Wasmtime GitHub notifications bot (Jan 25 2024 at 00:08):

pchickey requested alexcrichton for a review on PR #7812.

Wasmtime GitHub notifications bot (Jan 25 2024 at 01:25):

alexcrichton submitted PR review:

Thanks for this! I've left a few comments but it's getting a bit later here so I'm going to head out. I want to read more about the Lease<T> though as that looks quite subtle and I need to think more about it.

Wasmtime GitHub notifications bot (Jan 25 2024 at 01:25):

alexcrichton submitted PR review:

Thanks for this! I've left a few comments but it's getting a bit later here so I'm going to head out. I want to read more about the Lease<T> though as that looks quite subtle and I need to think more about it.

Wasmtime GitHub notifications bot (Jan 25 2024 at 01:25):

alexcrichton created PR review comment:

There's quite a lot of errors which go through the Err here so I'm a bit wary of using unwrap_err to assert that a particular trap happened, could this instead a particular property about the error, such as its message?

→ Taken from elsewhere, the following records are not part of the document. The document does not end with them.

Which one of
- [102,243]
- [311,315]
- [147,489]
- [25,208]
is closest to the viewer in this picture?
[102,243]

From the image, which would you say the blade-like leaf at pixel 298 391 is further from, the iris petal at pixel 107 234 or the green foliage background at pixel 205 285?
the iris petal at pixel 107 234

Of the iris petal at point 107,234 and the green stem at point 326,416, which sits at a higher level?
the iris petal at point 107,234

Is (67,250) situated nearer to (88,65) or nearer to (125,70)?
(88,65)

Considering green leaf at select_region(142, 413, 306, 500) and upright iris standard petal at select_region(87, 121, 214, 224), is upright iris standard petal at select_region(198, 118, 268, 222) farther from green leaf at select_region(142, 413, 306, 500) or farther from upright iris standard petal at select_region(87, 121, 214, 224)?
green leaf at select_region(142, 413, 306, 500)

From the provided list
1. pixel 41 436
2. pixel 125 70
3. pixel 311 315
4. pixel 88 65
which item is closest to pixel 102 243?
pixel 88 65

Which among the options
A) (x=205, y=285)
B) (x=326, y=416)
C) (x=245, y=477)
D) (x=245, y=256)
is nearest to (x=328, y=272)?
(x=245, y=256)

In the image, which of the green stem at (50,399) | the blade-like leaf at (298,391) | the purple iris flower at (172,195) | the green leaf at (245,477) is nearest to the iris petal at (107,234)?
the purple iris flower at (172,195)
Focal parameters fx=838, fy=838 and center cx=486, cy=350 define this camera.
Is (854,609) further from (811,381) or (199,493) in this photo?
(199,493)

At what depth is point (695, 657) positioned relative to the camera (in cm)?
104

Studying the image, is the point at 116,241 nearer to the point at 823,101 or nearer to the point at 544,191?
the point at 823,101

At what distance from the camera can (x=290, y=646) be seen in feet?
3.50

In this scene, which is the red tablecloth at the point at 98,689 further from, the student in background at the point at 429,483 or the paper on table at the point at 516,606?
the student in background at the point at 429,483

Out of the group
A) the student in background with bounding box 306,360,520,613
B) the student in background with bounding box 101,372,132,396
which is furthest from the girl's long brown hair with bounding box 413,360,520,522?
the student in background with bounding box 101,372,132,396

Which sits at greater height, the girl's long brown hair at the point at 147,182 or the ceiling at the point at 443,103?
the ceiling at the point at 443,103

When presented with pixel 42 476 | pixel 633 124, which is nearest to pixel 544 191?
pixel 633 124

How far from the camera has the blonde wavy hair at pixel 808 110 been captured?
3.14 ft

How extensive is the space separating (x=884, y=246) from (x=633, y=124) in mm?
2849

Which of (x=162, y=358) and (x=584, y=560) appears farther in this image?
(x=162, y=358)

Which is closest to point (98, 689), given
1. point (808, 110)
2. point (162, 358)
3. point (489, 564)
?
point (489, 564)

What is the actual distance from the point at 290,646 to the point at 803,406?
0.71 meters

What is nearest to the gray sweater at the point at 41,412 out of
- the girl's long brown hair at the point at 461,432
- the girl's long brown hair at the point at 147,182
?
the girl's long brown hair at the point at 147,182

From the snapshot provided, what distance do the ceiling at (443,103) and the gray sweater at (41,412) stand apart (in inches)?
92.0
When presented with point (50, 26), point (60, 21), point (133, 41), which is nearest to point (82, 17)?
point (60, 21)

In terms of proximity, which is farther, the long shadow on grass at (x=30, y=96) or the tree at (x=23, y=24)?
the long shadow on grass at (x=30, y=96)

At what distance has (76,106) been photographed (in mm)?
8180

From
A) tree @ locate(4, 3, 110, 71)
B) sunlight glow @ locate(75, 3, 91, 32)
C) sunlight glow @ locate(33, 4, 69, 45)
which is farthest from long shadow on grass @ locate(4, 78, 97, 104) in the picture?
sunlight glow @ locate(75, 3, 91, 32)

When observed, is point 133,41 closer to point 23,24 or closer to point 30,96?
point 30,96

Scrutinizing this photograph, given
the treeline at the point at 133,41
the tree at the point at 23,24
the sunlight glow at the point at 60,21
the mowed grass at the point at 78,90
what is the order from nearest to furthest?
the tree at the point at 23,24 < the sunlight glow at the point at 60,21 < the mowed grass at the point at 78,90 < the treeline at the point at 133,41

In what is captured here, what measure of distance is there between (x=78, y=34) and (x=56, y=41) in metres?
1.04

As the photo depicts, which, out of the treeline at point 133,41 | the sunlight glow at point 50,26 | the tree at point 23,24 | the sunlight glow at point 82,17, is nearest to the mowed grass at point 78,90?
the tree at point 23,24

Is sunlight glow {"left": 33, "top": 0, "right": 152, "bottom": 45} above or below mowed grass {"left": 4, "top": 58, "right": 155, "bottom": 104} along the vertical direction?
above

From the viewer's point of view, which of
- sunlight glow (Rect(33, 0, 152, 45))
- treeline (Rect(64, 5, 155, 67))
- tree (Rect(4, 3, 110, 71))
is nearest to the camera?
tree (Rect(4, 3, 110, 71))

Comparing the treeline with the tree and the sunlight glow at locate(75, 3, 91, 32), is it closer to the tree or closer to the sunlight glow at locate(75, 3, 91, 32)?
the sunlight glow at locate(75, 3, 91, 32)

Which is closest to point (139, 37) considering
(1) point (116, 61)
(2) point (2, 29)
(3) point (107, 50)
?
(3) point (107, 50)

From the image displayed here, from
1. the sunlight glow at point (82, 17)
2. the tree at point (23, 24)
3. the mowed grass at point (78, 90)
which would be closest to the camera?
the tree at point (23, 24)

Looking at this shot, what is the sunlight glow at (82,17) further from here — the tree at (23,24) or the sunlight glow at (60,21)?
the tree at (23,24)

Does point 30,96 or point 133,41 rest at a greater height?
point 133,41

Wasmtime GitHub notifications bot (Jan 25 2024 at 01:25):

alexcrichton created PR review comment:

This I think is actually subtly incorrect because it drops the future after the call to poll which signals that the future should be cancelled rather than keeping it alive until the whole poll is done. I think that means that we may not be guaranteed to get wakeups from cancelled futures, although we might get those for now given how the code is currently constructed. I think that this'll need to be a bit fancier with the adapter instead of having a blanket impl

Wasmtime GitHub notifications bot (Jan 25 2024 at 01:25):

alexcrichton created PR review comment:

Could this, and the functions below, be implemented in terms of poll_ready_fn perhaps?

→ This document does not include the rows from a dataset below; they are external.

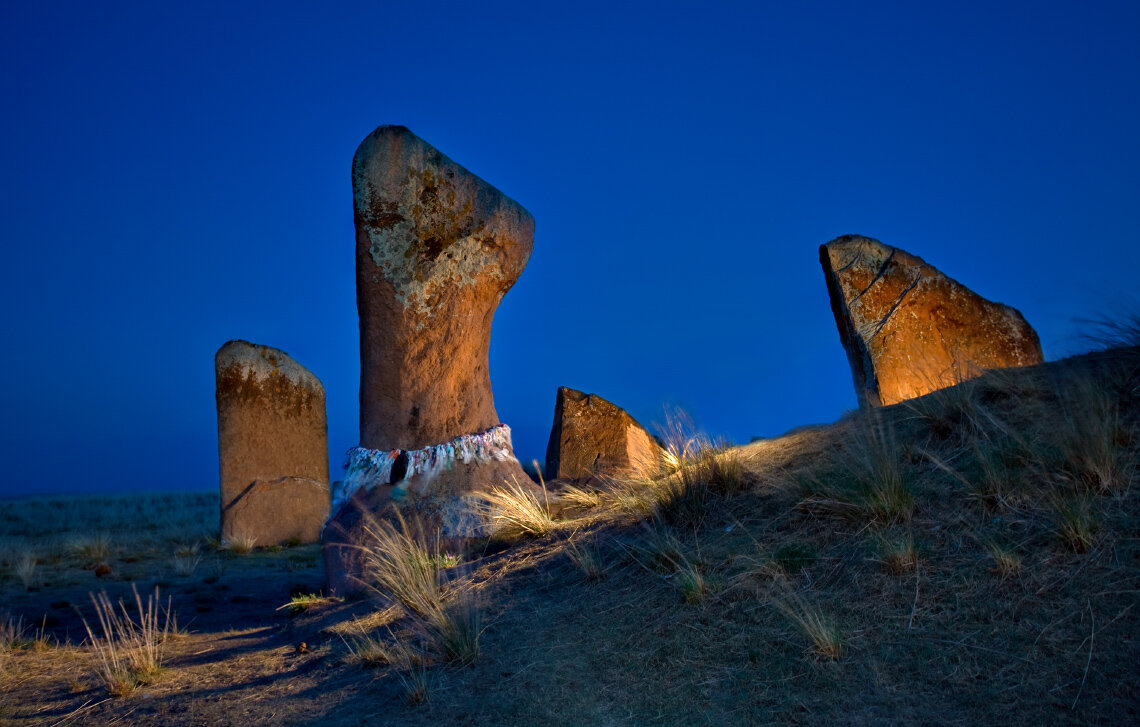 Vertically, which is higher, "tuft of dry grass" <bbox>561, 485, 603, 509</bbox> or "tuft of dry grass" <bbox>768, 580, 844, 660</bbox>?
"tuft of dry grass" <bbox>561, 485, 603, 509</bbox>

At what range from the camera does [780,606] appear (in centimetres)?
322

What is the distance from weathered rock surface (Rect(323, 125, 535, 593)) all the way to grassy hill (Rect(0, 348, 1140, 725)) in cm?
75

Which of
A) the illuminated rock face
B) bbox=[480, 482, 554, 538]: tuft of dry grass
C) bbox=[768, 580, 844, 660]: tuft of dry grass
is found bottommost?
bbox=[768, 580, 844, 660]: tuft of dry grass

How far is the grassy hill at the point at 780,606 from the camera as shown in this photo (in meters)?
2.81

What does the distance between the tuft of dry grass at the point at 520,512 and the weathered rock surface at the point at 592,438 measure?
4.04 m

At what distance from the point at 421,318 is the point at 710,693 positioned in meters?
3.98

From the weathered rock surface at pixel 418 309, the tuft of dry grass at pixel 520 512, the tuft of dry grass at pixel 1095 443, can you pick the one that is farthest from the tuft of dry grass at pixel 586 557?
the tuft of dry grass at pixel 1095 443

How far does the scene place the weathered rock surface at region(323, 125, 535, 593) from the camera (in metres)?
6.15

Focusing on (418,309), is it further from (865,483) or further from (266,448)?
(266,448)

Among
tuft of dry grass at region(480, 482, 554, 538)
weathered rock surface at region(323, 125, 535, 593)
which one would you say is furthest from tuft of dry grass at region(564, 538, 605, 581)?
weathered rock surface at region(323, 125, 535, 593)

Wasmtime GitHub notifications bot (Jan 25 2024 at 02:11):

pchickey submitted PR review:

Thanks, this is excellent work. The new internal interface is definitely superior to the old one, and I appreciate the new tests as well. The lease system for resource table is a much better interface than iter_entries.

I believe that all of the Slot and SlotIdentity implementation makes sense and is correct (especially because, surprisingly to me, the only unsafe is in unsafe impl Send), but I wanted to tag @alexcrichton to double-check that part because I do not feel super confident in my ability to assess that code. If he is happy with that, this can land.

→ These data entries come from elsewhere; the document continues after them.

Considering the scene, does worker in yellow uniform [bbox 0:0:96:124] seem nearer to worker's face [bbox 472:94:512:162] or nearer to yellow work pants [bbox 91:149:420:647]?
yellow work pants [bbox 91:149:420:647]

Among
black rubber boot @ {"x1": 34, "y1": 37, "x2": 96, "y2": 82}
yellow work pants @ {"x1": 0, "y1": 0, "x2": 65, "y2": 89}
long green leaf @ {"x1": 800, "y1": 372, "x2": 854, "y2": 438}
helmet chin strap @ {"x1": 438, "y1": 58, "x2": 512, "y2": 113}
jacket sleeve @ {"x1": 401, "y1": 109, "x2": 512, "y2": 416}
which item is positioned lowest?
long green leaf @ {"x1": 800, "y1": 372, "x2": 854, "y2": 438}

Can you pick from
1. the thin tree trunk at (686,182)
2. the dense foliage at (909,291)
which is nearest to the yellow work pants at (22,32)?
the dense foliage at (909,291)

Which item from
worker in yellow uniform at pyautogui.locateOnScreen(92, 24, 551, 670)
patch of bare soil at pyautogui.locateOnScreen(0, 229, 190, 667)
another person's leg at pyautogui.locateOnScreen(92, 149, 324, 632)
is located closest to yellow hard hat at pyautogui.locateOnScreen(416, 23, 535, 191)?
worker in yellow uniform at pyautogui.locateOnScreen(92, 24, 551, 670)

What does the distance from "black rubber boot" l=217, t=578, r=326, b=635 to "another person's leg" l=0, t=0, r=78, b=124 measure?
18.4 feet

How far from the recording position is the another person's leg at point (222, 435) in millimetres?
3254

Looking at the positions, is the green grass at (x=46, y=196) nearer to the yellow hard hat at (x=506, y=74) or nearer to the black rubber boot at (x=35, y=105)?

Wasmtime GitHub notifications bot (Jan 25 2024 at 08:54):

badeend updated PR #7812.

Wasmtime GitHub notifications bot (Jan 25 2024 at 08:56):

badeend submitted PR review.

Wasmtime GitHub notifications bot (Jan 25 2024 at 08:56):

badeend created PR review comment:

Certainly

Wasmtime GitHub notifications bot (Jan 25 2024 at 08:59):

badeend submitted PR review.

Wasmtime GitHub notifications bot (Jan 25 2024 at 08:59):

badeend created PR review comment:

Check!

Wasmtime GitHub notifications bot (Jan 26 2024 at 19:55):

alexcrichton submitted PR review:

Ok I've gotten a chance now to take a closer look at Lease<T> and the changes ResourceTable. Given this new API design for the pollable trait something along these lines is required (e.g. iter_children can't work any more). The specific implementation here I think has a drawback where it's very "panicky" if you get it wrong. Most other aspects of WASI are "error-y" in that they try to return traps if anything is gotten wrong. This I think is pretty important for not accidentally becoming a DoS vector for embeddings. For example a panicking Drop implementation means that an early-return in an embedder function might accidentally take down the whole process where a wasm trap would only take down a single instance.

Given that my main thought on this is that this should ideally not ever panic and instead should switch to returning errors where possible. I might also recommending going a little bit further perhaps with a scheme such as:

Leave TableEntry::entry as Box<dyn Any>.

Change take to returning Box<T>. This would replace entry with something like Box::new(Tombstone) which is a private type to this module.

Change restore to taking Box<T> and Resource<T>.

That way it's largely up to embedders to "get everything right" but they'd already be required to do so with this current API. Additionally any failed downcasts can additionally add a check for Tombstone to perhaps return a more precise error other than ResourceTableError::WrongType with a new variant such as TakenValue.

Wasmtime GitHub notifications bot (Jan 26 2024 at 20:57):

badeend commented on PR #7812:

Thanks for the feedback.
I agree on the "panicky" point. I'll add an error type and remove the panics.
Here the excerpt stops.